▶ Record set
■ ■ ■ ■

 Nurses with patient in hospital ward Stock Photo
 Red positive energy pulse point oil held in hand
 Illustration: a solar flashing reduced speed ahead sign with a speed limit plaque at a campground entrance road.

■ ■ ■ ■

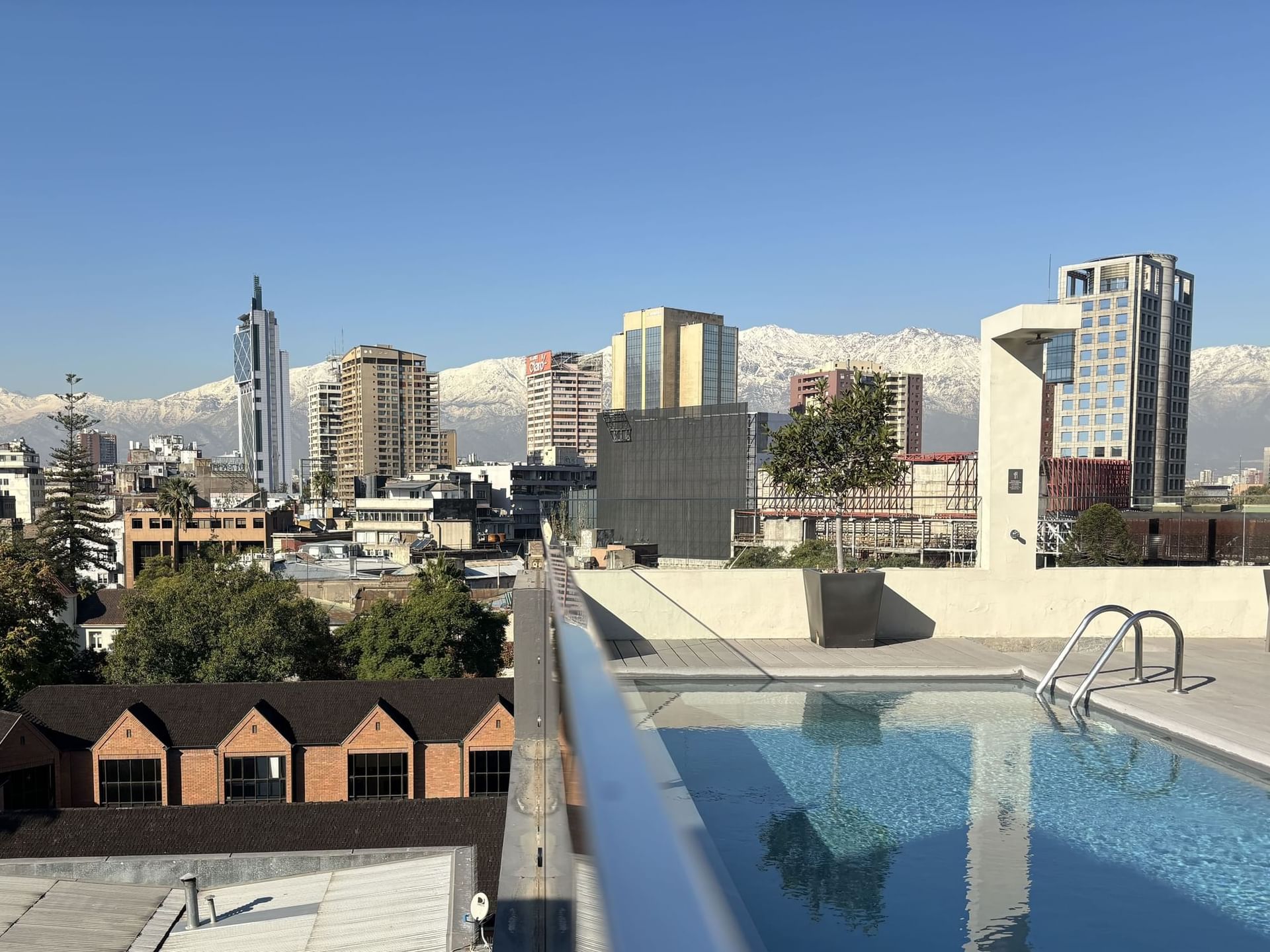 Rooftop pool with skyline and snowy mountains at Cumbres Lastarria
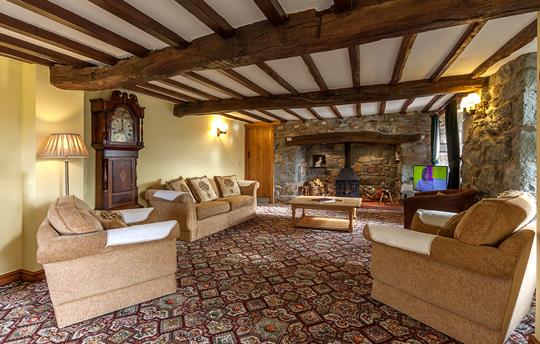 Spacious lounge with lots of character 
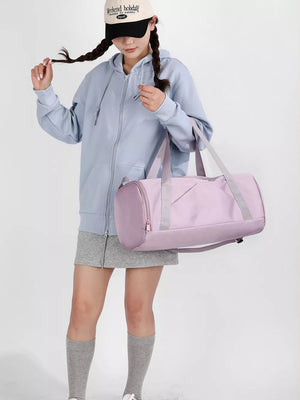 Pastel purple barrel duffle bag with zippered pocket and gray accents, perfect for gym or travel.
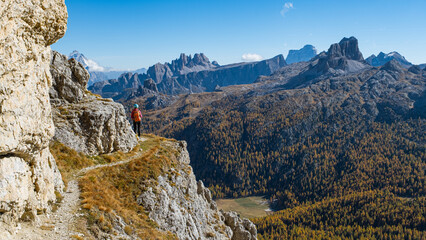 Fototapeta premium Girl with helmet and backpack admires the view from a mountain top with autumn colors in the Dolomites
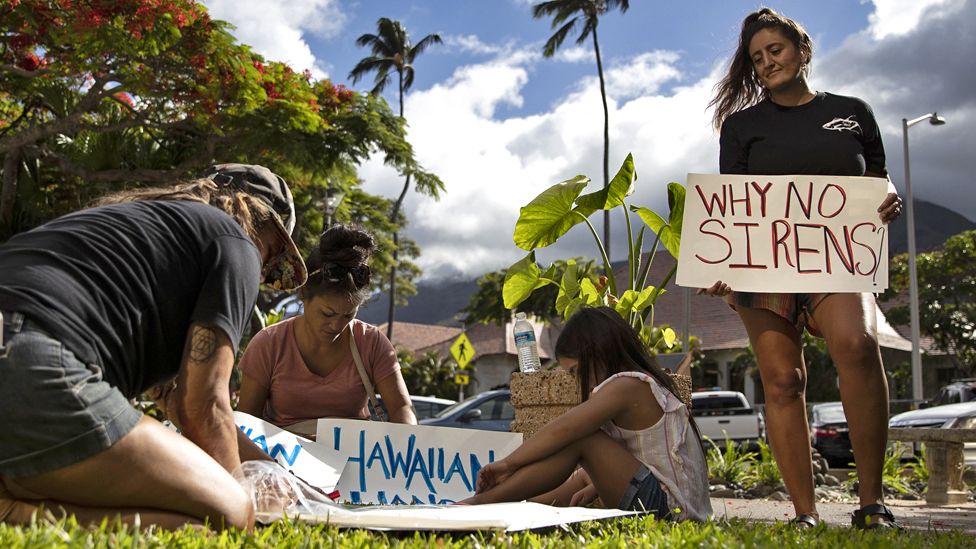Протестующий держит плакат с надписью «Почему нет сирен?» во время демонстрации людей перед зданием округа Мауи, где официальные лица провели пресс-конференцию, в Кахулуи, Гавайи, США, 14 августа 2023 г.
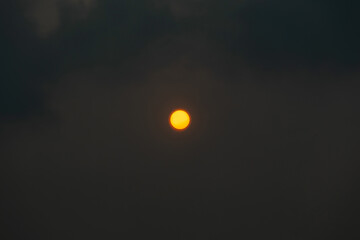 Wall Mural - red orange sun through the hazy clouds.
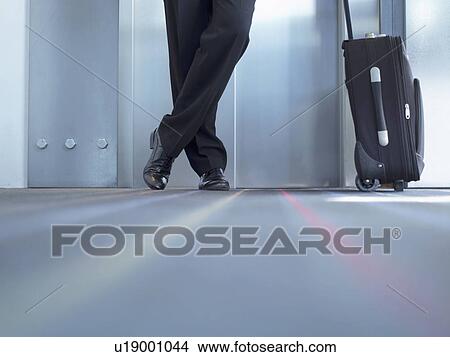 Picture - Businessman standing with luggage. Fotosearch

■ ■ ■ ■

▶ Work request
Please print the lines above word for word, starting at the one with "Rooftop pool with" and ending at the one with "Picture - Businessman", both included, and without any picture.

▶ Finished exercise
 Rooftop pool with skyline and snowy mountains at Cumbres Lastarria
 Spacious lounge with lots of character 
 Pastel purple barrel duffle bag with zippered pocket and gray accents, perfect for gym or travel.
 Fototapeta premium Girl with helmet and backpack admires the view from a mountain top with autumn colors in the Dolomites
Протестующий держит плакат с надписью «Почему нет сирен?» во время демонстрации людей перед зданием округа Мауи, где официальные лица провели пресс-конференцию, в Кахулуи, Гавайи, США, 14 августа 2023 г.
 Wall Mural - red orange sun through the hazy clouds.
 Picture - Businessman standing with luggage. Fotosearch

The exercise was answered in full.